What needs to be done ▸
Only the pictures should be dropped; every line of the data must come back exactly as written.

Available records ▸

>>>>

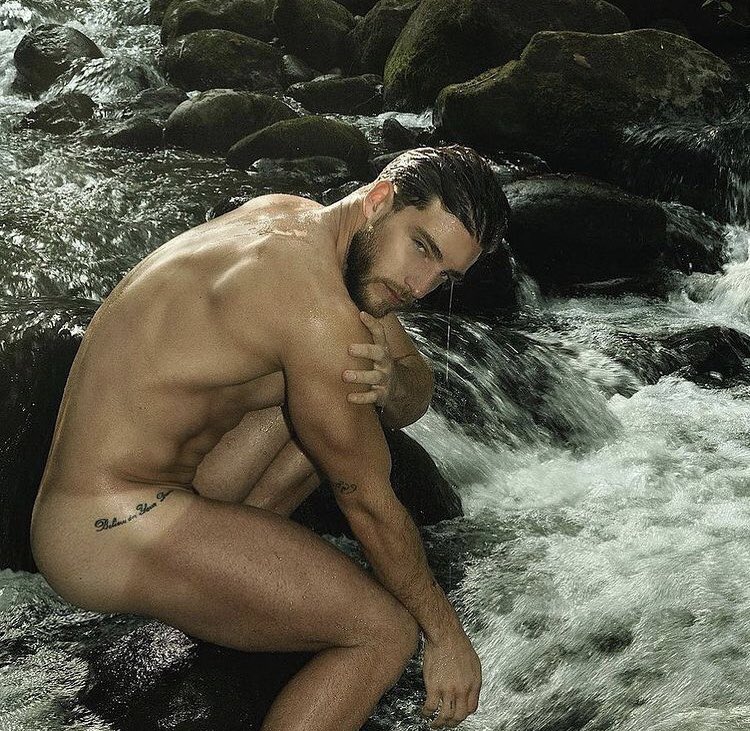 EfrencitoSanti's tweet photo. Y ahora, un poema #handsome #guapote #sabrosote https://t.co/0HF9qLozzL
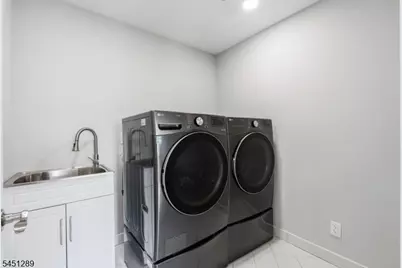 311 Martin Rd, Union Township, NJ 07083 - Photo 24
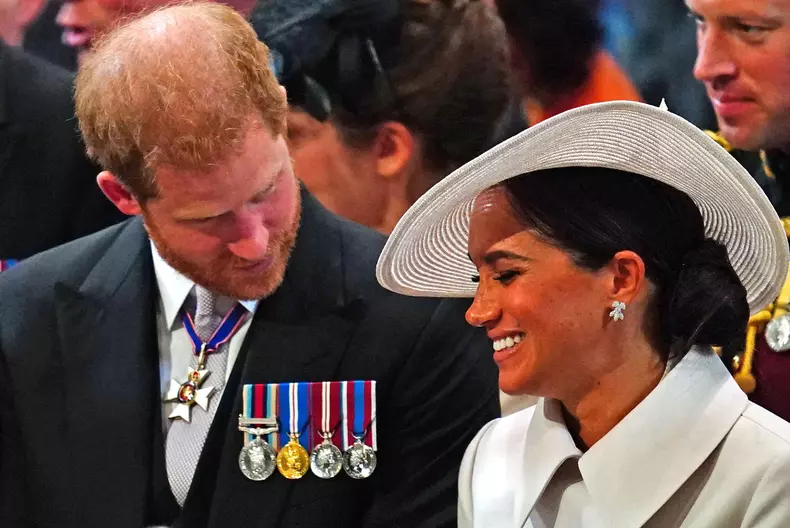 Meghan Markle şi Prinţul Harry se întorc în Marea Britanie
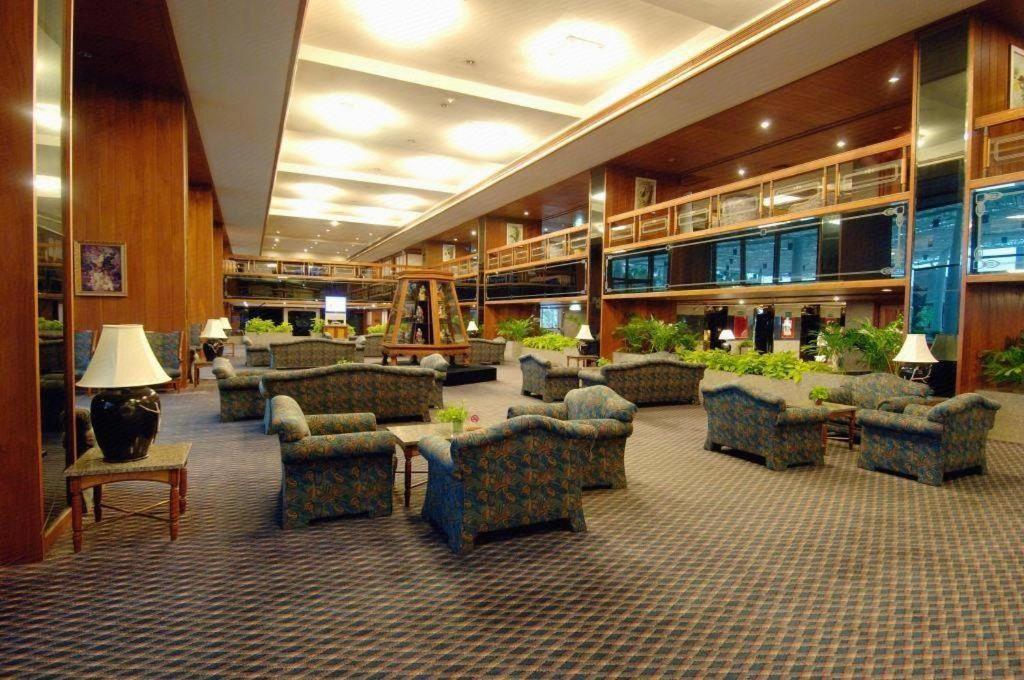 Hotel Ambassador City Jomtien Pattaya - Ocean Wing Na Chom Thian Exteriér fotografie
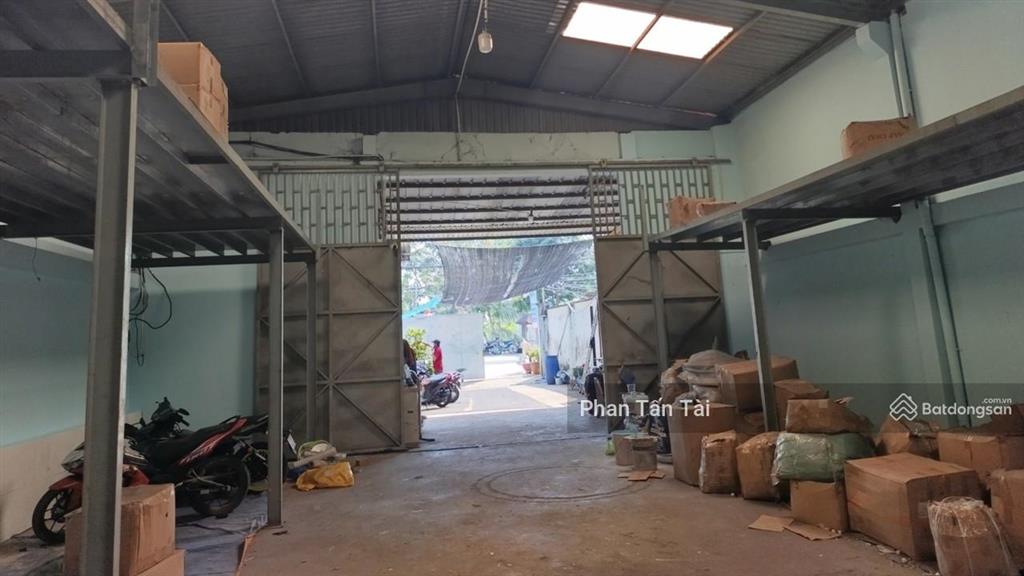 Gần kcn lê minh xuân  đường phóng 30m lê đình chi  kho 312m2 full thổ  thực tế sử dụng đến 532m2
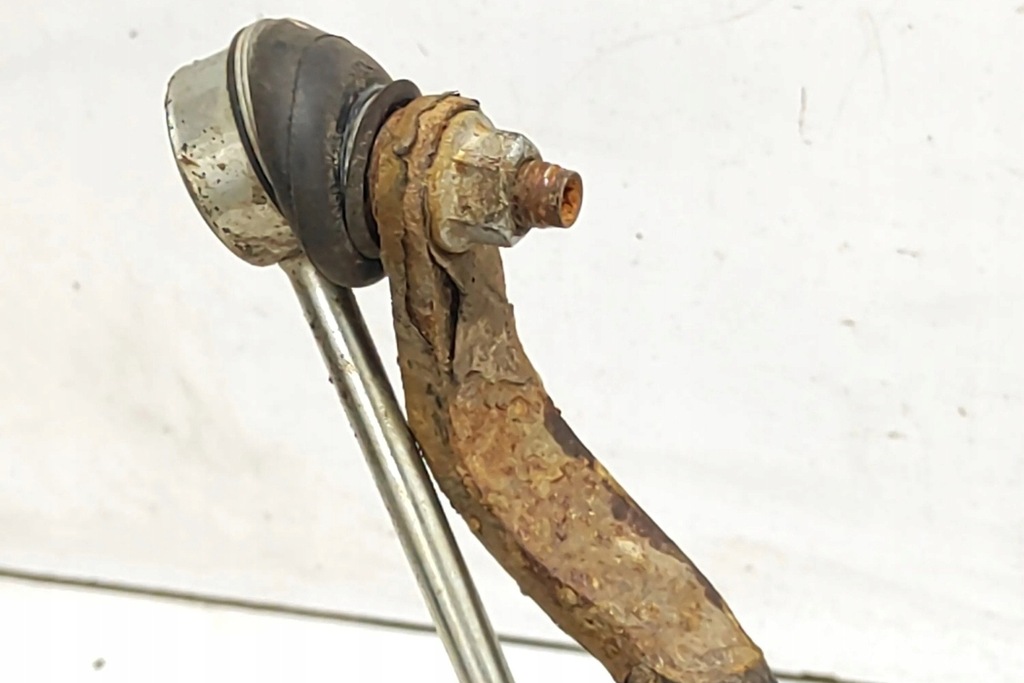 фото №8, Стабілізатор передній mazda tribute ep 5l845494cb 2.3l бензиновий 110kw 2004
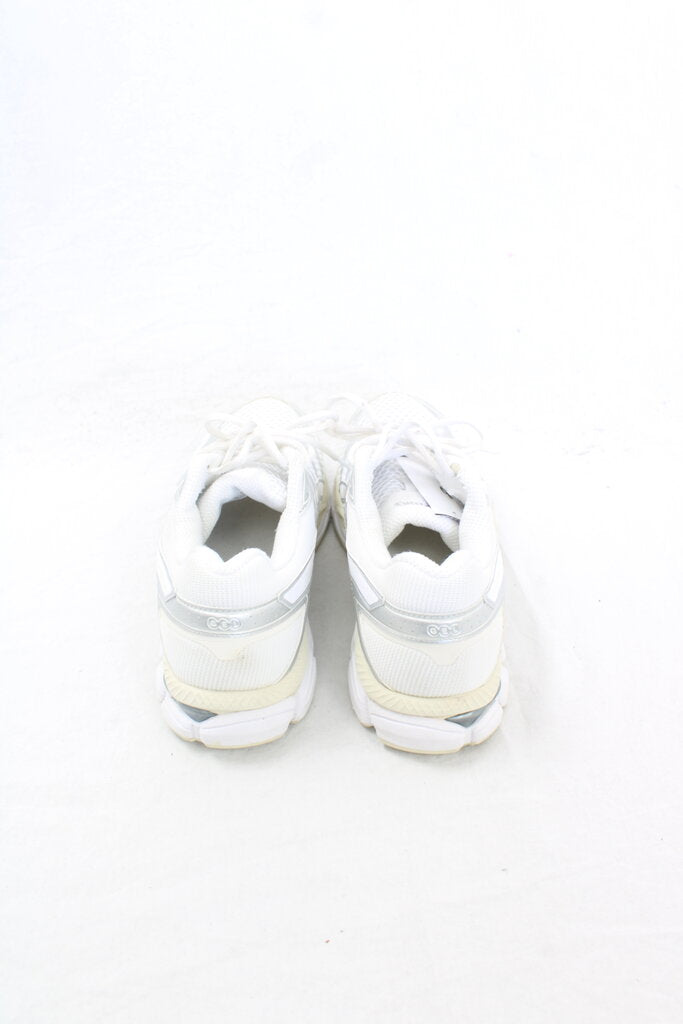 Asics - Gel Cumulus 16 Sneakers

<<<<

Task solution ▸
 EfrencitoSanti's tweet photo. Y ahora, un poema #handsome #guapote #sabrosote https://t.co/0HF9qLozzL
 311 Martin Rd, Union Township, NJ 07083 - Photo 24
 Meghan Markle şi Prinţul Harry se întorc în Marea Britanie
 Hotel Ambassador City Jomtien Pattaya - Ocean Wing Na Chom Thian Exteriér fotografie
 Gần kcn lê minh xuân  đường phóng 30m lê đình chi  kho 312m2 full thổ  thực tế sử dụng đến 532m2
 фото №8, Стабілізатор передній mazda tribute ep 5l845494cb 2.3l бензиновий 110kw 2004
 Asics - Gel Cumulus 16 Sneakers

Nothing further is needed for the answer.